(Information)
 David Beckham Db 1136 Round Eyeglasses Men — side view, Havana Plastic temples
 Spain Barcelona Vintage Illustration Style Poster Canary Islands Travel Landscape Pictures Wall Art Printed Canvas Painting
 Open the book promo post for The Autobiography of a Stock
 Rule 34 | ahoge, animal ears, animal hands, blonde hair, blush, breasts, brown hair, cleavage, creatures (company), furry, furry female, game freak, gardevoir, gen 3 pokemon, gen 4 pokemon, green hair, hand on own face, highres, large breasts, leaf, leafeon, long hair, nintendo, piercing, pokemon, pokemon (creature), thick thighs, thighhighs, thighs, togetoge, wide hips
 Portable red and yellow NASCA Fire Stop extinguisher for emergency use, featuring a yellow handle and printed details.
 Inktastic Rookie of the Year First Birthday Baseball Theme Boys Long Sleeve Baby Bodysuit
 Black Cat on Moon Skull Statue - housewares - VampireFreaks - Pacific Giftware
(End Information)
(Information)
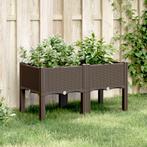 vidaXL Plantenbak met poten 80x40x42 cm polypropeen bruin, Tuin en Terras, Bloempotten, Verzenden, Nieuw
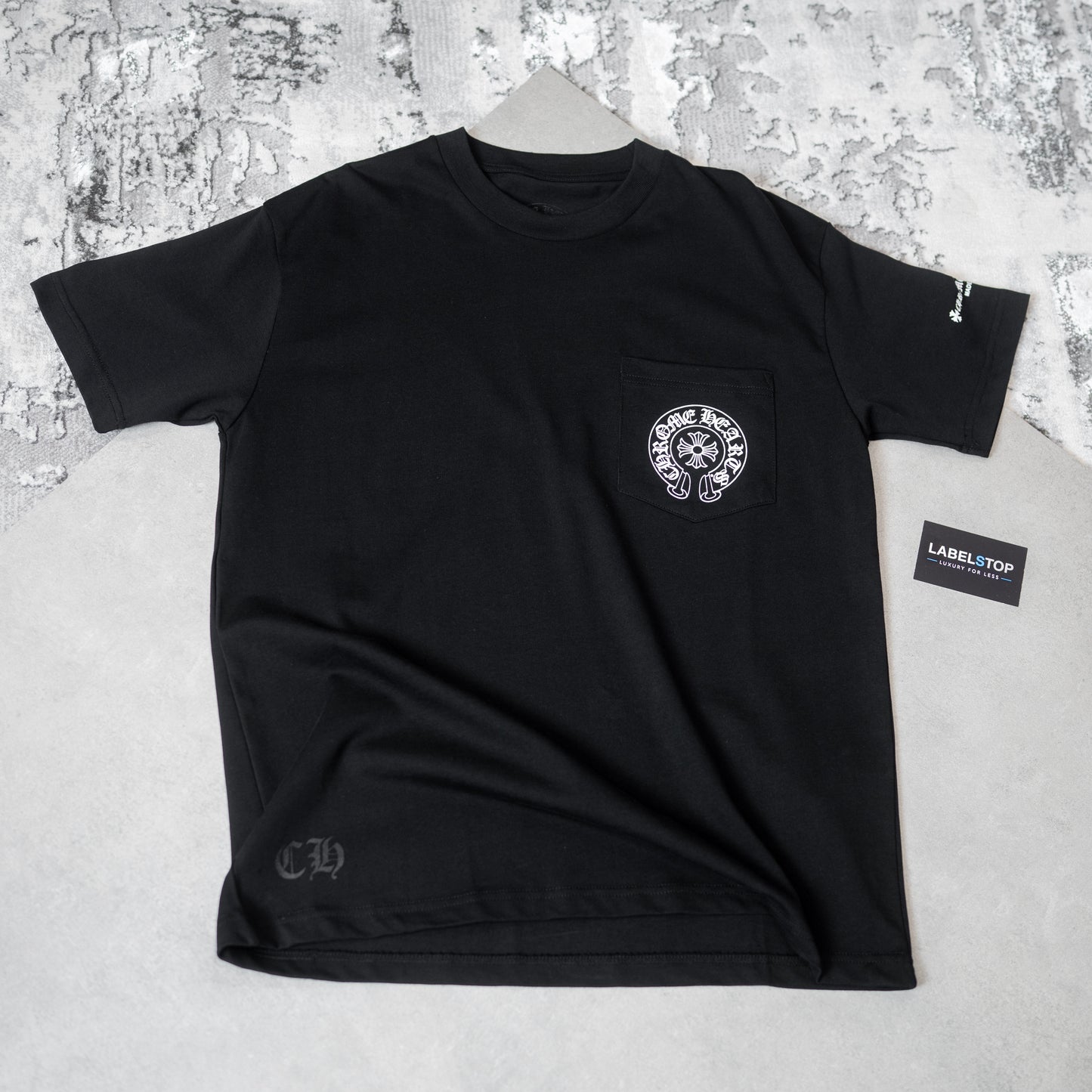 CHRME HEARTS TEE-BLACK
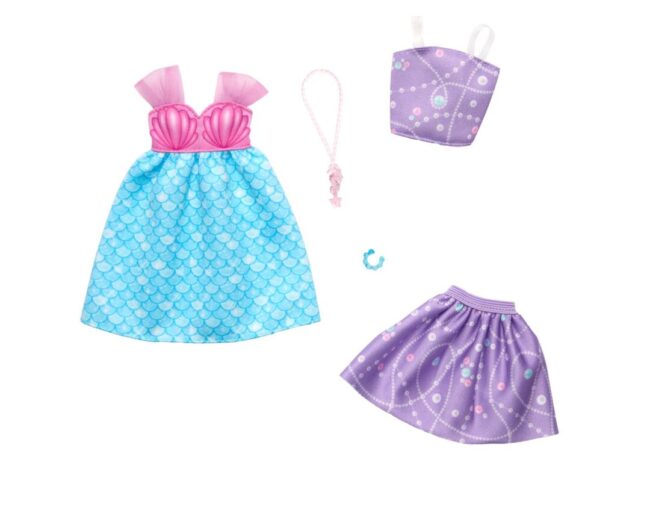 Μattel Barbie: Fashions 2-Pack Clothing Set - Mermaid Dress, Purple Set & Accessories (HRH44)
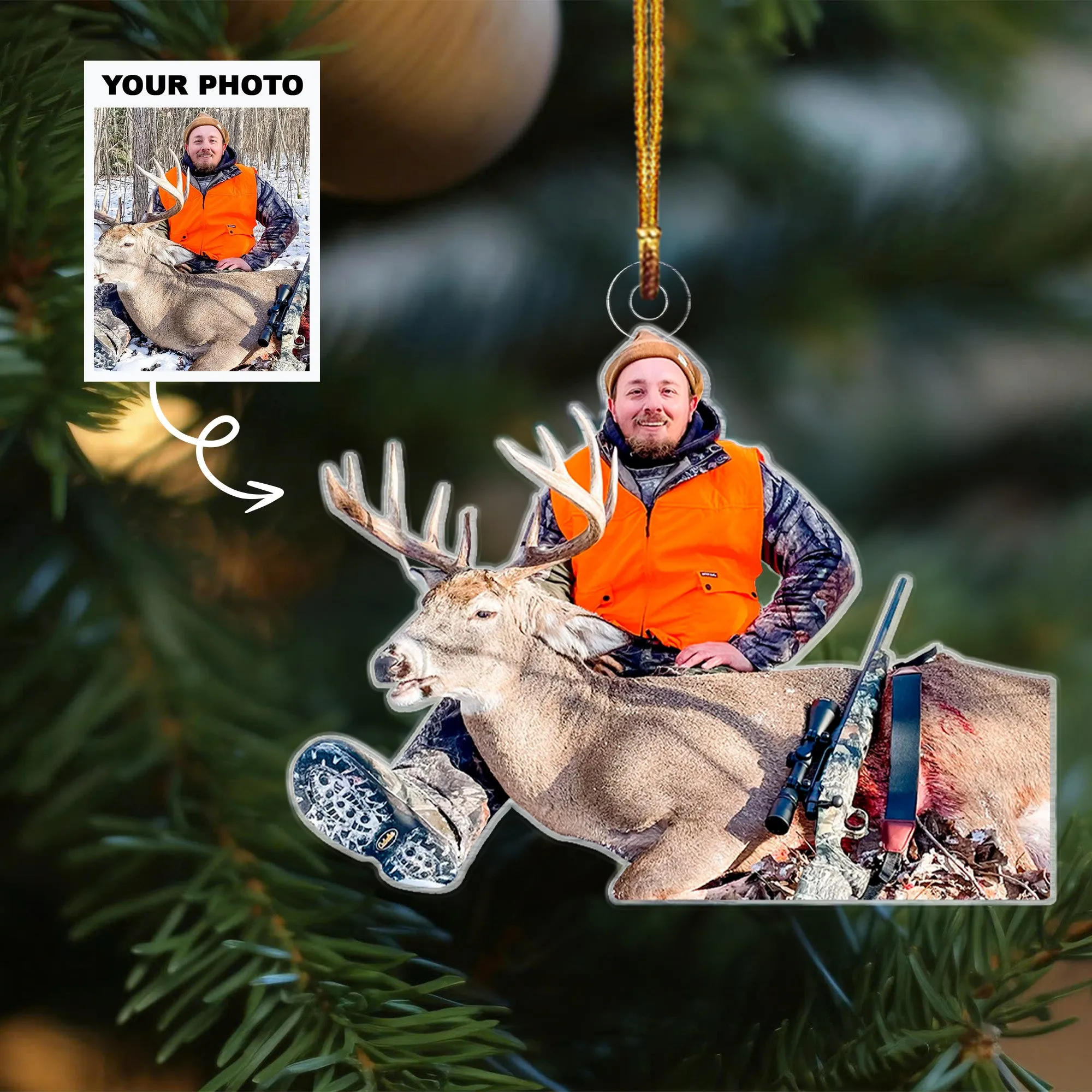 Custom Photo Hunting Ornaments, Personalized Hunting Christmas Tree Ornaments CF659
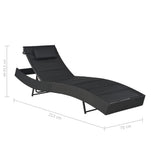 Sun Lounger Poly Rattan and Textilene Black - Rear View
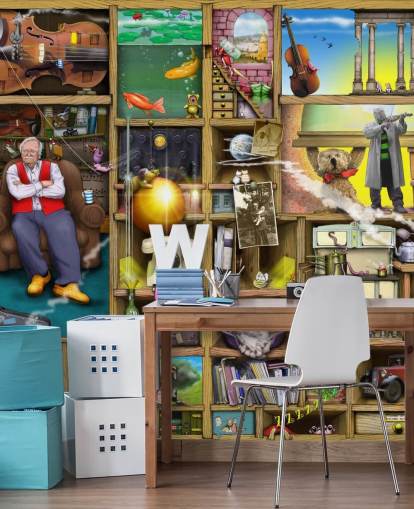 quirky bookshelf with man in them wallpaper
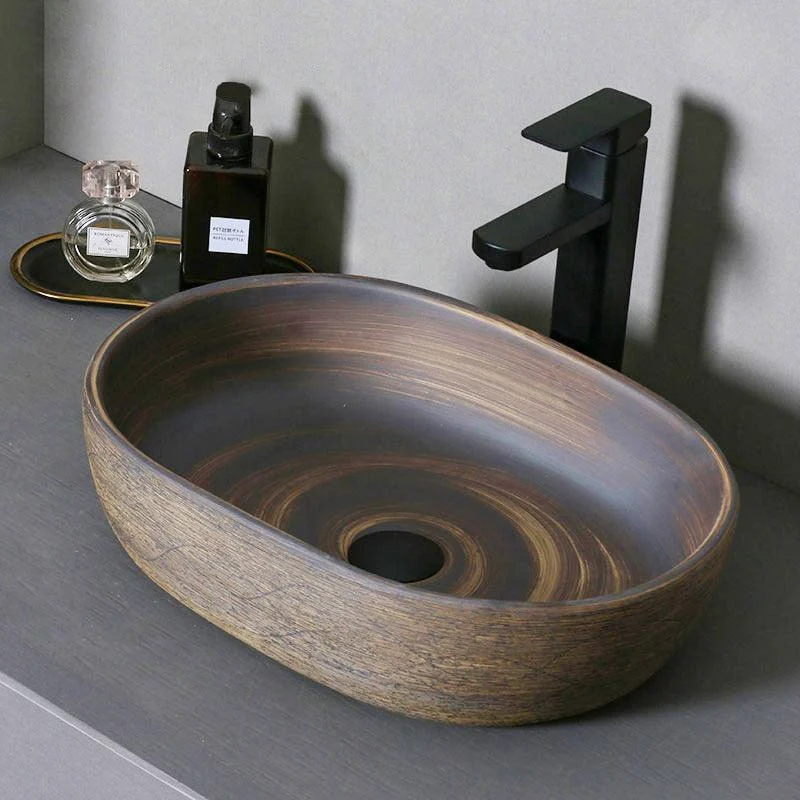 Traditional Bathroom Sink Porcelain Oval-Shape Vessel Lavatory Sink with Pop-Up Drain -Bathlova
(End Information)
(Information)
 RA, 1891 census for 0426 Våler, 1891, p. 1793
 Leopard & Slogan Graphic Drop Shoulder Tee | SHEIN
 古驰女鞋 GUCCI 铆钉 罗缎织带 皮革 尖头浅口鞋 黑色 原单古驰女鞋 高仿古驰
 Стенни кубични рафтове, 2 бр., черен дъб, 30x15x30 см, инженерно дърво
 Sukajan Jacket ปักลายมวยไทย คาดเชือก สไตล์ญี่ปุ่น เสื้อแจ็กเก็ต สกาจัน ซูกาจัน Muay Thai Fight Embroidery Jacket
(End Information)
• What you need to do
The lines to copy exactly start with the line above that has "vidaXL Plantenbak met" and go on through the line that has "Traditional Bathroom Sink"; please include both, add nothing else, and omit the pictures.

• Exercise response
 vidaXL Plantenbak met poten 80x40x42 cm polypropeen bruin, Tuin en Terras, Bloempotten, Verzenden, Nieuw
 CHRME HEARTS TEE-BLACK
 Μattel Barbie: Fashions 2-Pack Clothing Set - Mermaid Dress, Purple Set & Accessories (HRH44)
 Custom Photo Hunting Ornaments, Personalized Hunting Christmas Tree Ornaments CF659
 Sun Lounger Poly Rattan and Textilene Black - Rear View
 quirky bookshelf with man in them wallpaper
 Traditional Bathroom Sink Porcelain Oval-Shape Vessel Lavatory Sink with Pop-Up Drain -Bathlova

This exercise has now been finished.